You shouldn't be swapping, ever. Memory is cheap!
Those log messages should be from the actual search execution, not the startup... so they're not to blame.
Well I am out of ideas, but thanks for your help anyway.
In the end I was able to improve performance overall by reducing swappiness on the hosts to 10, the search heads seem way more responsive now.
If someone has any additional ideas on troubleshooting startup.handoff
it would be great to hear.
Check the search.log linked to from the job inspector, scroll through it for gaps greater than a second in the timestamps.

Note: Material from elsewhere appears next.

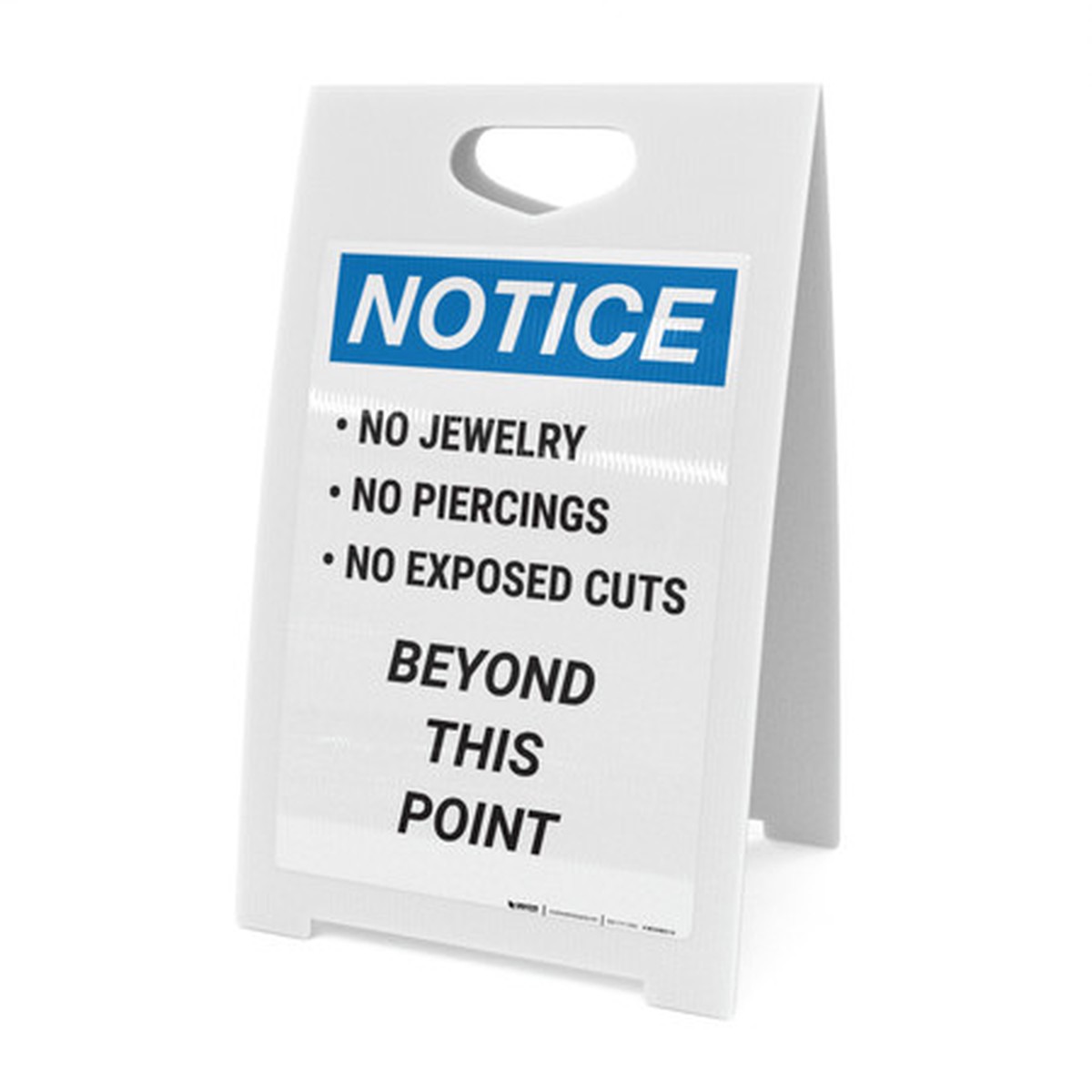 Notice: Food No Jewerly Piercing Exposed Cuts Bulleted List Portrait - A-Frame Sign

Thanks for your reply. I don't get anything over 1 second, the closest is stuff like:
06-25-2015 21:23:56.002 INFO DispatchThread - Generating results preview took 2 ms
06-25-2015 21:23:56.844 INFO NewTransam - Finalizing. Committing all open txns withheld
06-25-2015 21:30:12.649 INFO DispatchThread - Generating results preview took 5 ms
06-25-2015 21:30:13.527 INFO NewTransam - Finalizing. Committing all open txns withheld
Remaining events are very close, the max gap I can find is 0.2/0.3 seconds for a handful, most are milliseconds apart.
I don't get why search total times are lower than the time in startup.handoff
, like:
This search has completed and has returned 49 results by scanning 24,453 events in 4.975 seconds.
8.03 startup.handoff
Thank you